Thursday, September 15, 2011

Screens of the day 17 - Cats

Today we are going to combine the two new tehniques: creating dynamically sized shapes filled with a procedural pattern and converting a 2D texture to an isometric texture that can be applied on the before-mentioned shapes.

Let us take this random grass texture that I found by googling "grass texture":

This is not a good texture to use because it is big and detailed and my result will be small, thus dropping a lot of detail. Still, let us try an see what we get:

Not bad! It looks like it is gaining detail rather than scaling up, but I am still not 100% happy. Let's try another random grass texture:

Converted, it looks like this:

Something is not right there. Look carefully! I'll try a more distinct texture to better observe the behavior:

The conversion result is clearly wrong (except for the GIF pallet; GIFs use 256 colors and my images do not use pallet optimization and dithering to compensate for that). I'll illustrate this by using this cute cat:

Aha! We can only see the head. There is a bug in the scaling algorithm. Let me fix it:

Normally I'd go back and fix the previous sample images, but since this blog is a lot about documenting, it is OK to document the bugs too.

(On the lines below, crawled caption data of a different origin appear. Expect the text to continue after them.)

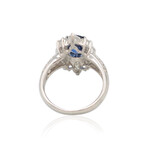 Estate // Platinum Diamond + Thai Sapphire Ring // Ring Size: 5.5 // Pre-Owned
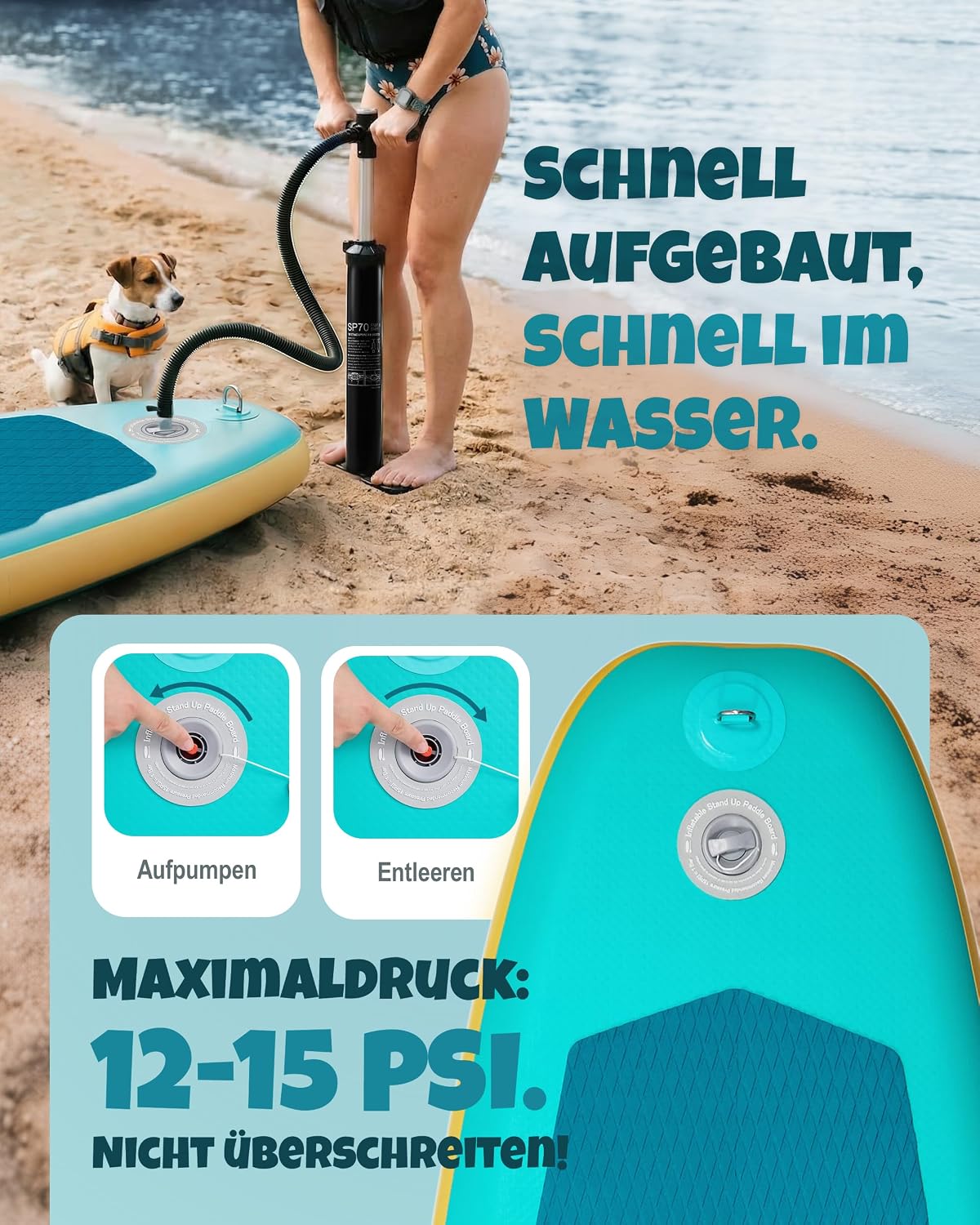 Detalle de Signstek Aufblasbares Stand Up Paddling Board Set – stabiles SUP Board 320 x 75 x 15 cm mit Komplettzubehör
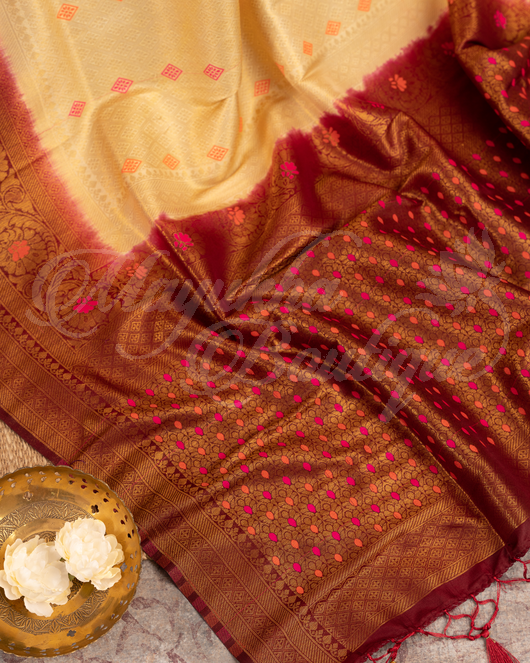 Banarasi Soft Silk Off White & Maroon Saree With Stitched Blouse In Size 38-44 mayukhasarees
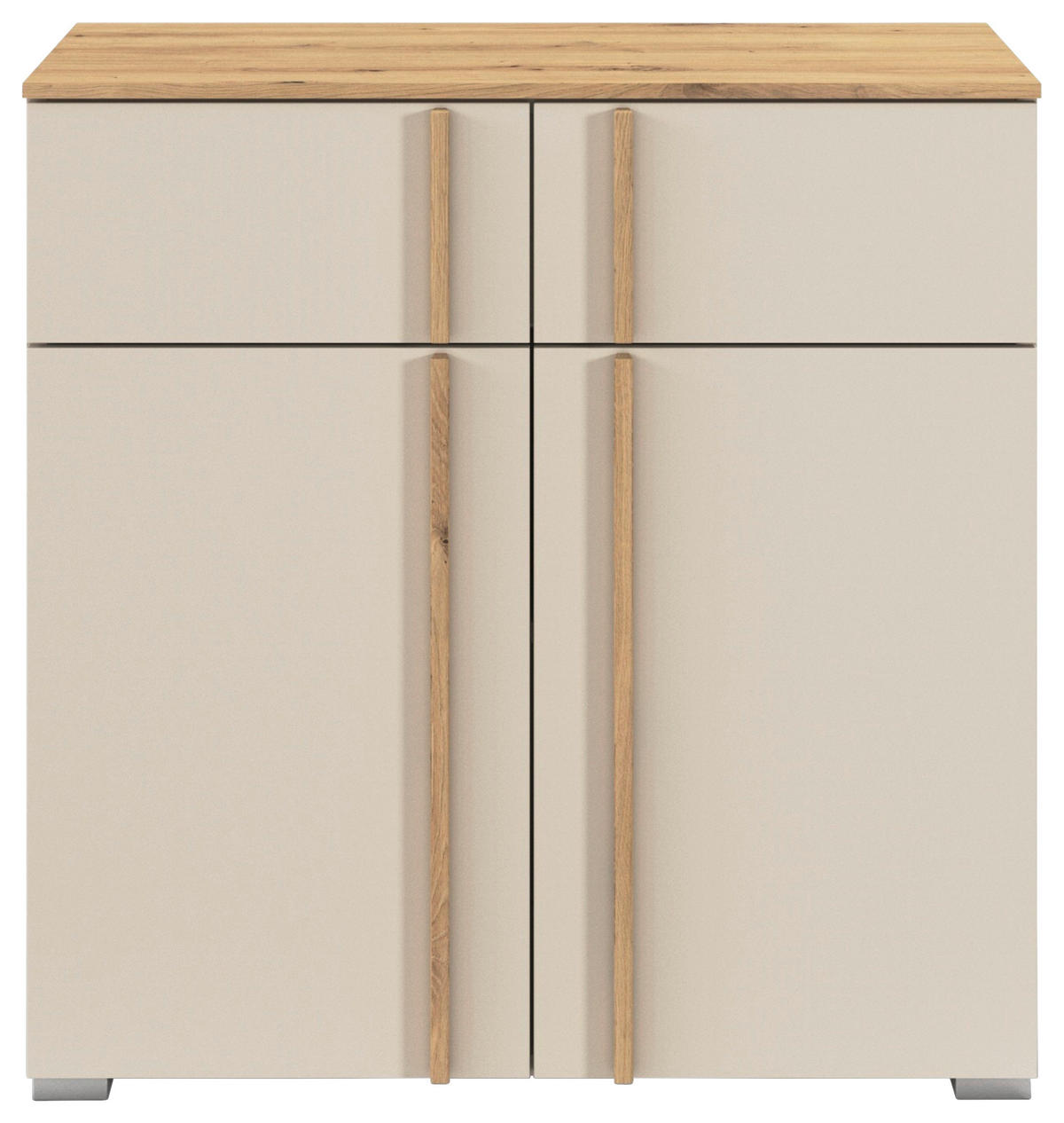 KOMMODE  in 80/81/42 cm  - Champagner/Alufarben, Design, Holz/Holzwerkstoff (80/81/42cm) - Stylife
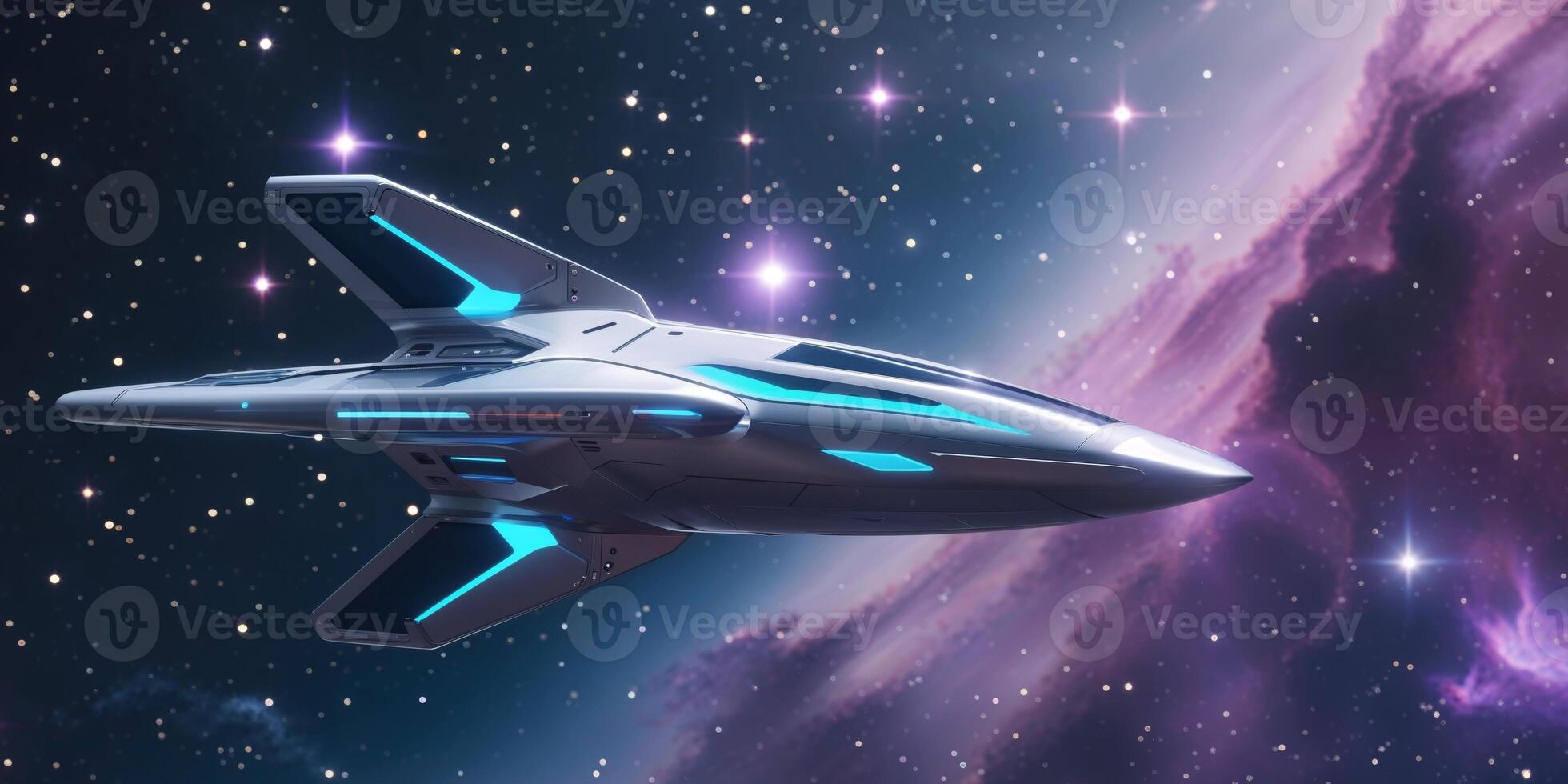 Futuristic Spaceship Flying Through Dark Space with Stars and Nebula. photo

The process works of course for larger sizes too: 

This is why I wanted to try a 3D engine again. It comes with great flexibility and you get a lot of things for free. But I guess I will be sticking with the hard way.

The final step is to take these techniques and create the first prototype of the new and experimental Flexy engine!


  1. Is your scaling gamma correct?

  2. I have absolutely no idea. I am using homebrewed algorithms because I just can't seem to create a truly 3D engine where I could rely on tried and true algorithms and a lot of hardware support.